Um projeto de lei em tramitação no Senado dos Estados Unidos quer impor tarifas de até 500% sobre produtos de países que continuam importando energia da Rússia, como petróleo, gás natural e urânio. A proposta tem o apoio de 85 dos 100 senadores, incluindo parlamentares republicanos e democratas.
Entre os países mencionados diretamente por um dos autores da proposta, o Brasil foi alvo de críticas do senador Lindsey Graham, do Partido Republicano.
“China, Índia e Brasil, vocês estão prestes a se prejudicarem muito se continuarem ajudando Putin”, declarou Graham em entrevista à CBS News. O senador afirmou ainda que o objetivo da medida é usar tarifas como uma ‘marreta’ para pressionar o presidente russo a negociar o fim da guerra na Ucrânia.
Segundo dados do Ministério do Desenvolvimento, Indústria, Comércio e Serviços, o Brasil importou US$ 5,4 bilhões em diesel russo em 2024, valor recorde e que posiciona o país entre os principais compradores do combustível vindo da Rússia no ano passado.

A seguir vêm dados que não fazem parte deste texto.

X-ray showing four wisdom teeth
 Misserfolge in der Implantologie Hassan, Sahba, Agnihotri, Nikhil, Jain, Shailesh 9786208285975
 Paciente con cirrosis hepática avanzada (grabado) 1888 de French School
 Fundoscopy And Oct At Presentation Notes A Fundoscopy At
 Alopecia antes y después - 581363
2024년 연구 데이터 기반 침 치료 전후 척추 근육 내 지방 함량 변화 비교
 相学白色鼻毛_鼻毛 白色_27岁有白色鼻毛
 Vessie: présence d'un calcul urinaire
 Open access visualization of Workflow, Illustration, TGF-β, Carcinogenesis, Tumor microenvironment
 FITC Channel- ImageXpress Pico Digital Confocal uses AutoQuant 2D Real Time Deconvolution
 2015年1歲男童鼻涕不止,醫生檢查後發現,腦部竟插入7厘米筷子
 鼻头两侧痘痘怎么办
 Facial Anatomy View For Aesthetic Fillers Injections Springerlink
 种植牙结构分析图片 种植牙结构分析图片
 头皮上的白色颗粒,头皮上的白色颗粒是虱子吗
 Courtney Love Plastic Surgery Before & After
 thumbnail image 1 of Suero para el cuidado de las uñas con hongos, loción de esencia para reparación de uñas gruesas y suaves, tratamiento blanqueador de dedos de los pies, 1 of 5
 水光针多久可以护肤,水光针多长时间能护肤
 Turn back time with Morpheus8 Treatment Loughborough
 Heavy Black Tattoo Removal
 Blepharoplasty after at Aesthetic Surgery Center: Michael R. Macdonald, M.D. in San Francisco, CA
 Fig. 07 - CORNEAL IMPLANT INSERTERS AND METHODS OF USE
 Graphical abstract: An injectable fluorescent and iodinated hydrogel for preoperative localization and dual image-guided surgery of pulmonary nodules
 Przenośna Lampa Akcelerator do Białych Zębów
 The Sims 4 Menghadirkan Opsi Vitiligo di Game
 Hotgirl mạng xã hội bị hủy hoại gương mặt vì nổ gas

O projeto também propõe sanções adicionais à própria Rússia e discute o uso de ativos russos congelados, inclusive US$ 5 bilhões retidos por autoridades americanas, para financiar o apoio à Ucrânia. A medida seria inédita, já que nenhum presidente dos EUA jamais utilizou ativos de bancos centrais de países com os quais não há guerra formal.
Enquanto isso, o presidente da Ucrânia, Volodymyr Zelensky, recebeu nesta segunda-feira (14) o enviado especial dos EUA, Keith Kellogg, em Kiev. Em publicação nas redes sociais, Zelensky agradeceu ao presidente Donald Trump pelo “apoio importante” e afirmou que discutiu novas sanções contra Moscou, além da cooperação com a União Europeia para fornecimento de armas de defesa.
“Esperamos a liderança dos EUA, pois é evidente que Moscou não se deterá a menos que suas ambições irracionais sejam contidas pela força”, escreveu o líder ucraniano. (Foto: reprodução; Fonte: CBN)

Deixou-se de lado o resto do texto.